HR 9097: American Manufacturing Revitalization Exchange Program Act of 2026
HR 9097 in plain English: This bill would establish an exchange program aimed at revitalizing American manufacturing, with a focus on reshoring production and attracting foreign direct investment. It references an estimated $1 trillion economic cost from manufacturing vacancies by 2030 and notes that foreign direct investment in U.S. manufacturing exceeded $2.4 trillion in 2024.
Stated purpose
This bill would create an international exchange program called the American Manufacturing Revitalization Exchange Program, sending U.S. workers and students to allied nations to gain manufacturing skills and training in order to strengthen and grow the U.S. manufacturing workforce.
Key points
- Creates an exchange program focused on revitalizing U.S. manufacturing and reshoring production
- Cites a projected $1 trillion economic cost from manufacturing job vacancies by 2030
- Notes foreign direct investment in U.S. manufacturing surpassed $2.4 trillion in 2024
- Referred to the House Committee on Foreign Affairs
Arguments supporters make
- The U.S. faces a looming shortage of nearly 3.8 million manufacturing workers by 2033, and learning proven methods from allied nations could help close that gap faster than domestic programs alone.
- Many well-paying manufacturing jobs do not require a four-year college degree, so this program creates pathways to good careers for workers without traditional college credentials.

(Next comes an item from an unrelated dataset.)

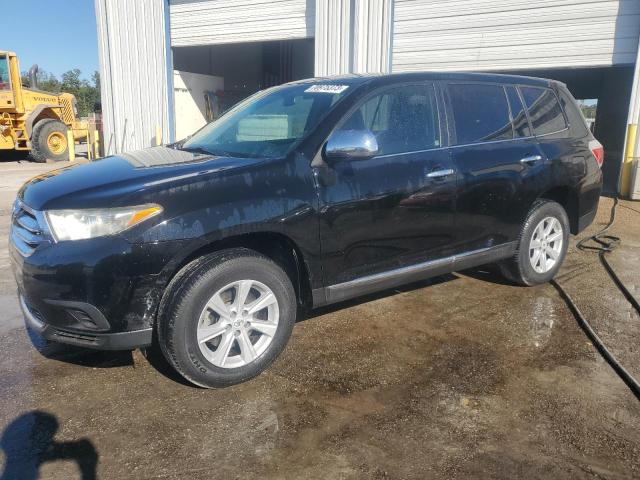 2012 Toyota Highlander Base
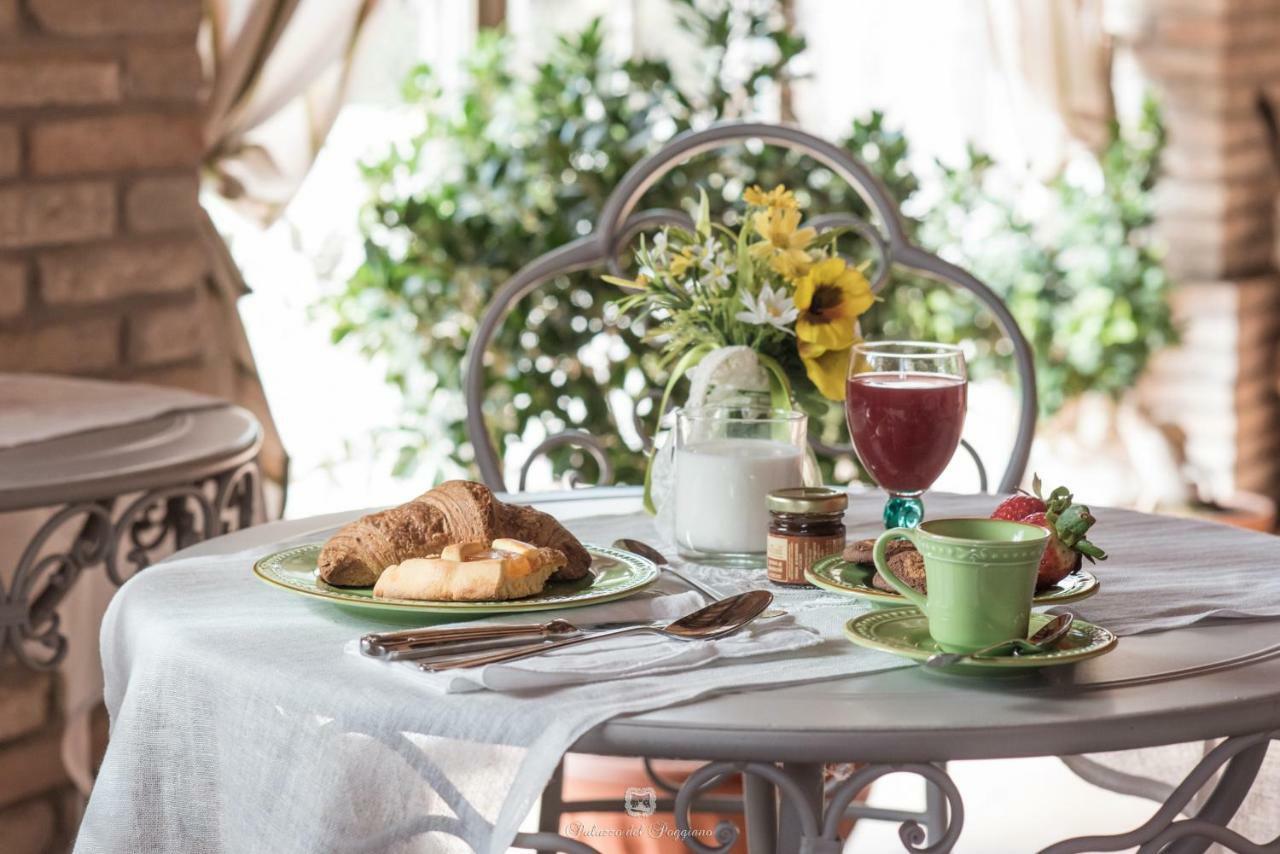 Bed and Breakfast Il Poggianino Poggio Berni Exterior foto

- Strengthening the domestic manufacturing workforce reduces reliance on foreign suppliers for parts and technology tied to national security, making the country more self-sufficient.
Arguments opponents make
- Creating a new government-run international exchange program adds bureaucratic complexity and cost, and it is unclear whether sending workers abroad is more effective than simply expanding domestic training programs.
- The bill's reach across many agencies and sectors could spread resources thin, making it hard to measure results or ensure taxpayer money leads to real job gains.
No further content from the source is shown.